── GIVEN MATERIAL

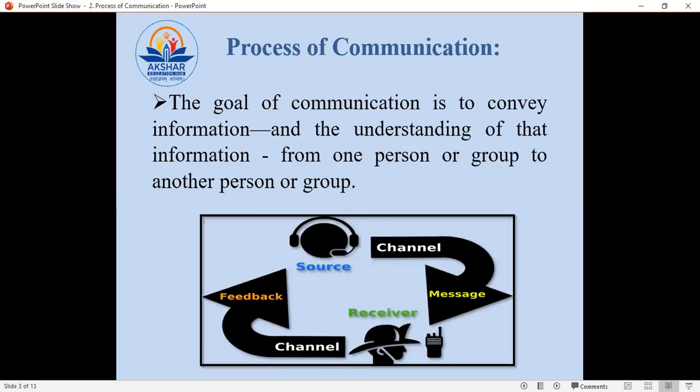Now let us try to understand the process of communication. Whatever activities we do, we all have a particular goal behind doing something. In the same way, communication also has a goal. The goal of communication is to convey information and the understanding of that information from one person to a group or another person. For reaching that goal, the communication passes through a particular process that is known as the Process of Communication.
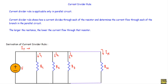In this video I will show you the current divider rule. I will show the formula derivation of current divider rule, the special case when we have two resistors connected in parallel, and finally a numerical example so that you get a better idea of the current divider rule.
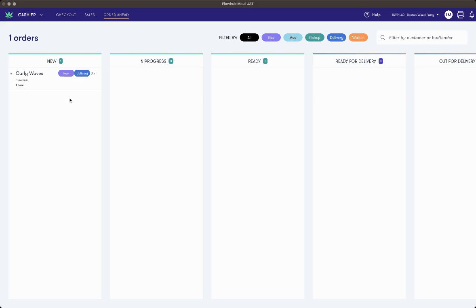To begin, an order from your e-commerce provider will come into the new column of the orders dashboard. The order will be marked as a delivery.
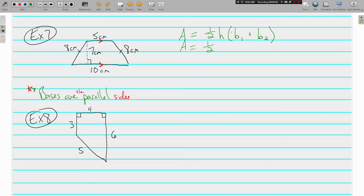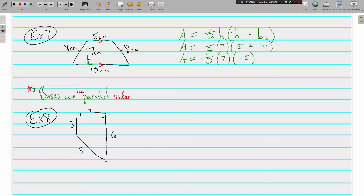In example seven, the parallel sides are the top and bottom — those are our bases. The height is 7, base one is 5, and base two is 10. We do what's in parentheses first: 5 plus 10 is 15. Then one-half times 7 times 15. Half of 7 is 3.5, and 3.5 times 15 you may want to put in your calculator. The result is 52.5 square centimeters.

────

| ABOUT THIS TASK |
Repeat, exactly and only, the lines from the one containing "In this video" through the final line of the data, both ends included, leaving out any picture.

| TASK SOLUTION |
In this video I will show you the current divider rule. I will show the formula derivation of current divider rule, the special case when we have two resistors connected in parallel, and finally a numerical example so that you get a better idea of the current divider rule.
To begin, an order from your e-commerce provider will come into the new column of the orders dashboard. The order will be marked as a delivery.
In example seven, the parallel sides are the top and bottom — those are our bases. The height is 7, base one is 5, and base two is 10. We do what's in parentheses first: 5 plus 10 is 15. Then one-half times 7 times 15. Half of 7 is 3.5, and 3.5 times 15 you may want to put in your calculator. The result is 52.5 square centimeters.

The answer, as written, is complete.